26) Prior to the said merger,
27) Following the merger, the founding partners of ECM Libra Bhd would own and control a combined 20% stake in the merged entity, for which the Plaintiff would own a 6% interest.
28) The share capital of the merged entity would be boosted to approximately RM840 million allowing it to become a full investment bank able to take deposits. Shareholders of ECM Libra Bhd, if they wanted to apply for an investment banking license on its own merit would need inter-alia to inject additional funds as mandated by Bank Negara’s investment banking guidelines which require investment banks to increase their share capital to RM500 million within three years.
29) The Plaintiff in a press statement, as reported by Bernama on the 19. 1. 2006 admitted that, and on being asked what would happened if ECM Libra Bhd was not able to have the merger approved by the authorities said:
“We would have been seriously disadvantaged against the other new investment banks which had the required capital funds and could carry out the full range of investment banking services. At the end of three years, when we would be required to ensure that our capital funds was at least RM500 million, it would have necessitated huge cash injection from our shareholders. By pursuing the merger route, we will emerge a much bigger and stronger entity and not require cash injection from shareholders.”

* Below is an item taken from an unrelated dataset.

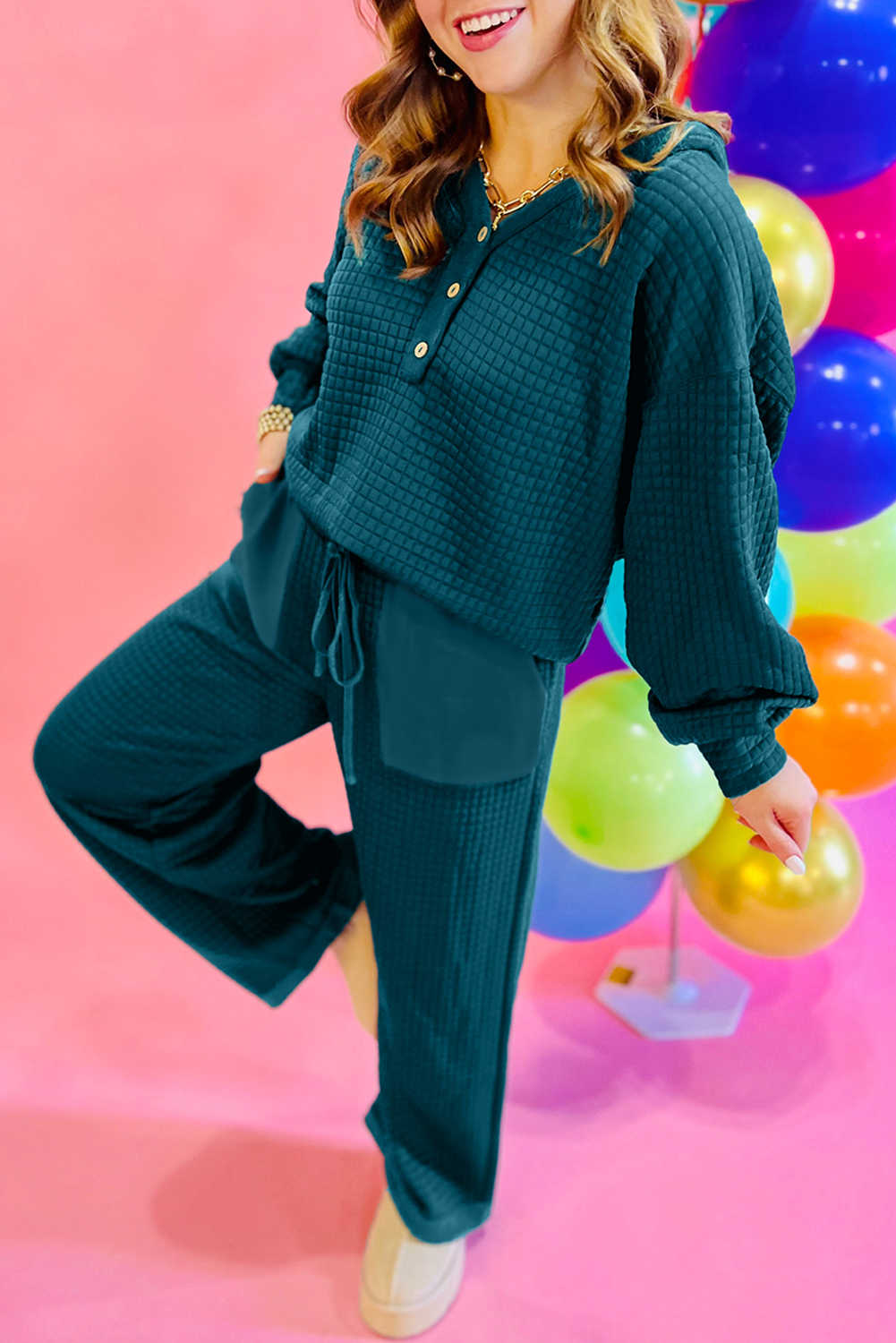 Conjunt de samarreta amb caputxa i pantalons amples de Skobeloff amb textura a quadres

30) Additionally, if there was no merger, ECM Libra Bhd’s shareholders will have to inject a minimum of RM100 million to satisfy the financial requirements for “discount house” license, over and above the RM500 million unimpaired share capital requirement.
31) Approvals and or license from the Minister of Finance would need to be obtained. The Minister of Finance did grant such approvals, notwithstanding the conflict of interest as Khairy Jamaluddin, is a director and shareholder of ECM Libra and is also the son-in-law of the Prime Minister who is also the Minister for Finance. The Plaintiff as Chairman of ECM Libra Bhd, knew of the aforesaid circumstances and has therefore aided and abetted in the corrupt scheme. The Plaintiff has also benefited substantially from the said scheme.
32) Other relevant approval agencies are directly and or indirectly beholden to the Ministry of Finance.
33) The merger has created so much controversy that on the 13. 4. 2006, the matter was tabled before Parliament, but the Government has to date failed to give any or any adequate explanation for this glaring act of impropriety.
34) On 28.6. 2006, the merged entity, ECM Libra Avenue Bhd (713570-K) was listed in the main board of the Kuala Lumpur Stock Exchange (Stock Number 2143) with a paid up share capital of RM830,901,953 comprising of 830,901,953 ordinary shares of RM1.00 each.
35) Taking into account paragraph 5 to 8, and paragraph 23 and 24 above, the sale of the ECM Libra operating subsidiaries and the then “BBMB Securities Sdn Bhd” in 31.3.2004 to South Peninsular Industries Bhd (which was renamed to ECM Libra Bhd after the said acquisition) was valued at RM502,811,479, yet within two years, the same operating subsidiaries were in turn sold pursuant to the aforesaid merger with Avenue Capital Resources Bhd for RM442,000,000 with a total net tangible asset value at RM210,000,000.
36) Therefore, the value of the earlier sale and purchase in 2004 of the said companies was grossly over-valued by attributing to “goodwill” an incredible RM360,000,000, which cannot be justified in any circumstances. Being a public listed company that corporate exercise amounts to a fraud on the public.
37) The Plaintiff, as Chairman in his Annual Report as at 31.3.2005 reported that the said company had obtained its maiden profits of RM40.3 million as compared to a loss of RM10.6 million in the previous year. Yet in the said merger exercise, the very same companies, and an additional company (ECM Libra Capital Markets Sdn Bhd) were sold for lesser value as compared to the original purchase price in 2004 which the company paid for.
Therefore I verily state that my comments are justified and or in the alternative, my comments in the circumstances are fair comments on an issue of public interest.